Except as otherwise defined herein, capitalized terms used herein shall have the
meanings assigned them in either the Declaration or the Guarantee.
As such counsel we are familiar with the articles of association and
the bylaws of the Bank, with certificates of authority to exercise corporate
trust powers issued to the Bank by the Federal Reserve Board of the United
States (as predecessor in jurisdiction to the Comptroller of the Currency of the
United States), and with certain resolutions of the board of directors of the
Bank pertaining to the operation of the Corporate Trust Services Division of the
Bank with respect to the authorization, execution and delivery of the
Declaration and the Guarantee.
Basing our conclusions on such examination and familiarity, we are of
the opinion that:
(1) The Bank is a national banking association with trust powers, duly
organized, validly existing and in good standing under the laws of the
United States of America, with all necessary power and authority (i)

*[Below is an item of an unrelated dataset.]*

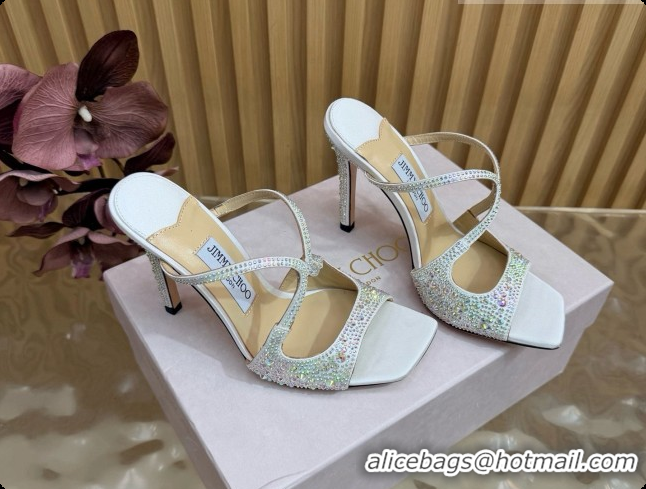Good Product Jimmy Choo Anise 95 Mule Sandals with Crystals J091231 White 2026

to execute and deliver the Declaration and the Guarantee, and (ii) to
carry out and perform its obligations in its respective capacities as
Property Trustee under the Declaration and Guarantee Trustee under the
Guarantee.
(2) (i) The execution and delivery by the Bank of, and (ii) the
performance by the Bank of its obligations in its respective
capacities as Property Trustee and Guarantee Trustee under, the
Declaration and the Guarantee, as the case may be, has been duly
authorized by all necessary corporate action on the part of the Bank,
and each of the Declaration and the Guarantee have been
duly executed and delivered by the Bank respectively. The Declaration
and the Guarantee Agreement have been duly executed and delivered by
the Property Trustee, and constitute the legal, valid and binding
obligation of the Property Trustee, enforceable against the Property
Trustee in accordance with their terms, except as enforcement thereof
may be limited by applicable bankruptcy, insolvency, fraudulent
transfer, reorganization, moratorium or other laws affecting
creditors' rights generally from time to time in effect and subject as
to enforceability to general principles of equity, regardless of
whether considered in a proceeding in equity or at law.
(3) To the best of our knowledge, there are no actions, proceedings or
investigations pending or threatened against or affecting the Bank
before any court, arbitrator, administrative agency or other
governmental authority which, if adversely decided, would materially
and adversely affect the Bank's ability to carry out the transactions
contemplated in the Declaration or in the Guarantee.
(4) (i) The execution and delivery by the Bank of, and (ii) the
performance by the Property Trustee and the Guarantee Trustee under,
each of the Declaration and the Guarantee, respectively, do not
conflict with or constitute a breach of the articles of association or
bylaws of the Bank.
(5) No consent, approval or authorization of, or registration with or
notice to, any Illinois or federal banking authority, other than such
as has been obtained or accomplished, is required for (i) the
execution and delivery by the Bank of, or (ii) the performance by the
Bank in its respective capacities as Property Trustee and Guarantee
Trustee under, the Declaration and the Guarantee, as the case may be.
(6) The Bank in its capacity as Property Trustee is the record holder of
the Subordinated Debentures and the Guarantee, and no security
interest, mortgage, pledge, lien, encumbrance, claim or equity is
noted thereon.
We are attorneys licensed to practice law in the State of Illinois and
do not express any opinion as to any matters governed by any laws other than the
laws of the State of Illinois and federal laws applicable to the fiduciary
powers of national banks. Furthermore, no opinion is expressed as to any
federal or state securities or tax laws.
This opinion is furnished solely for your benefit in connection with the
transactions contemplated by the Declaration, and may not be used, circulated,
quoted or otherwise referred to without our prior written consent.